Dengan izin Noercholis Madjid, buku itu disebarkan, menjadi pembicaraan luas. Isu utama buku tersebut, bahwa tak ada negara Islam, mencuat.
Pergaulan Agus juga meluas ke aneka kalangan. Ia aktif di Lazizmu Muhammadiyah. Tapi Agus juga pendukung aliran kepercayaan suku Badui. Aguspun aktif bermeditasi dalam tradisi Budha.
Intensnya Agus bersahabat dengan aneka kelompok yang beragam, bahkan saling bertentangan, membuat Agus lebih mudah mengatasi perbedaan. Ia punya banyak teman yang dekat dari aneka kubu politik. Ini pula yang menumbuhkan spirit Agus bahwa beda politik itu biasa. “Teman di atas Politik!”
Setahun belakangan ini, Agus sering bertandang ke kantor saya. Ia sering curhat. Kesehatannya menurun. Ia tak bisa selincah dulu. Ia terpikir membuka usaha bisnis, tapi yang bisa ia jalankan dengan duduk di rumah saja.
Dari semua teman aktivis, Agus melihat saya yang ia anggap juga sukses berbisnis, dari urusan konsultan politik, restoran, properti, hingga kebun.

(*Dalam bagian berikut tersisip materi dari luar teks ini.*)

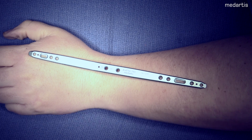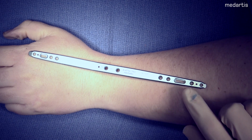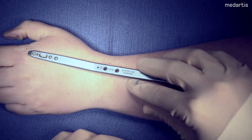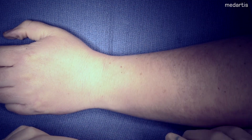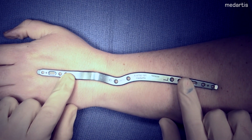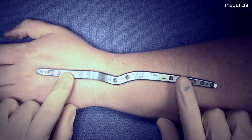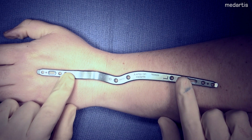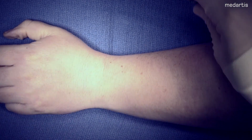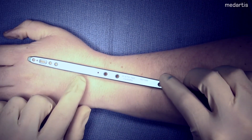Currently MedArtist has two options for dorsal spanning plate. First, you have the straight dorsal plate designed to be off of the second metacarpal. The next is a curved plate designed to be off the third metacarpal. I choose the curved plate whenever it's a fracture dislocation type where I want to be on the central axis of the radius and the carpus. I choose the second metacarpal straight spanning plate whenever it's a purely comminuted radial column fracture. Today we will be discussing the straight plate.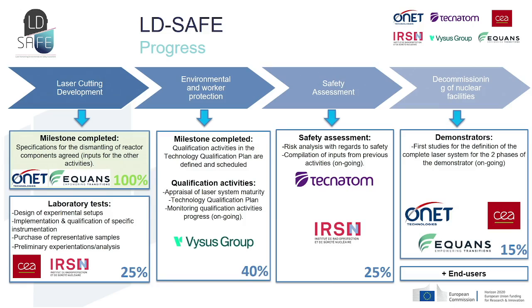Regarding the safety activities, the preliminary risk analysis for the implementation of laser has been performed. Concerning the demonstrators, the first studies are ongoing for the definition of the complete system needed for the validation of the laser capabilities.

Ia pun acap kali menjadikan saya sebagai teman diskusi usahanya.
Itulah awal lahir Kafe Tjiliwoeng di rumah Agus. Kafe itu tak hanya menjual kopi, tapi juga diskusi politik. Kadang ada pula acara budaya, membaca puisi.
Bersama teman teman, kita launching Kafe milik Agus dengan diskusi masalah yang sedang hot saat itu: Pergolakan Papua. Liputan media cukup luas.
Dua minggu lalu, sebelum saya liburan akhir tahun, Agus kembali datang ke kantor. Ujarnya: Kafe saya mulai ramai, bro. Kadang tamu datang mengobrol sampai jam 1 pagi. Asyik ya punya usaha sendiri, ujarnya senang.
Mempunyai usaha kafe di beranda rumah sendiri, sambil bisa diskusi politik, menjadi usaha ideal Agus, karena kesehatannya.
Ia seringkali berkata, “Bro saya tak bisa membalas kebaikan bro. Saya membalasnya dengan mengirim kopi dan makanan saja untuk bro ya, ujar Agus lagi.
Saya menjawab dengan memplesetkan ucapan Agus. Jika agus berkata: “Teman Di Atas Politik.” Saya membalasnya: Santai saja bro. Kan “Teman Di Atas Bisnis!”
Selamat jalan Agus Edy Santoso.
Ditulis pada Pagi hari 11 Januari 2020, jam 1. 54 subuh, setelah mendengar wafatnya Agus Edy Santoso.